For most businessmen, enameling is an obscure craft. But Scott Ellis has family connections to the industry, and he understood its appeal–and its potential as a business opportunity. His online business, e-namels.com, started as a clearinghouse for surplus enamels, but has expanded to carry an extraordinary range of foreign-made, specialty, and out-of-production enamels. Here, as part of our Tools and Supplies series, Ellis discusses the evolution of his business and how he plans to make life easier for the production artist.
Center for Enamel Art: How did you get started with your business?
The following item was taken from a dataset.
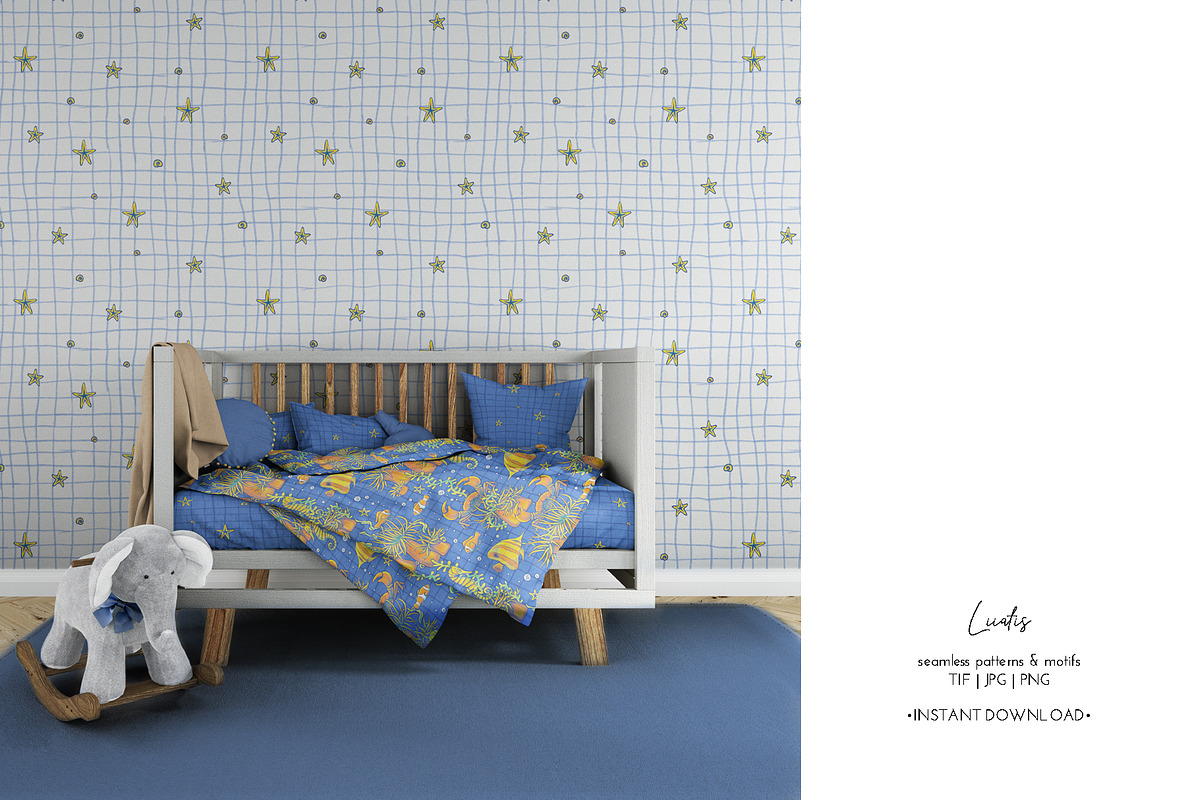OCEAN Patterns & Clipart, a Decorative Illustration by Liiafis (Photo 12 of 15)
Scott Ellis: I went to college right at the time everyone was coming online, in the ’90s, and that had a big influence on me. I always knew I wanted to do something in the online space, if not full-time then part-time; start a venture of my own. My uncle Tom Ellis has worked at Thompson Enamel for 35 years, so I’ve always had some familiarity with enameling, and I’ve always found it interesting because I’m not an artist. So I had a mild interest in it all along.
My dad, whom I’m very close to, is also a supplier. He makes what are called floral wafers, a glass product that is kind of like the millefiori of Italy, but softer. In 1996, a large badge maker switched from using lead-bearing enamels to lead-free enamel. We drove to Chicago and picked up a large amount of lead-bearing enamels that were given to us for free, which my dad then used to make wafers. And then we thought, we have all this enamel here, how can we sell it? This was about the time that online commerce was really expanding, and I was able fairly easily to build a website and begin selling the enamel. Then people started calling me, asking for specific colors. I realized fairly quickly that out of 400 colors, I didn’t have many of the popular colors. So I started networking. Someone would call Thompson, trying to sell their old enamel, and I would make the purchase.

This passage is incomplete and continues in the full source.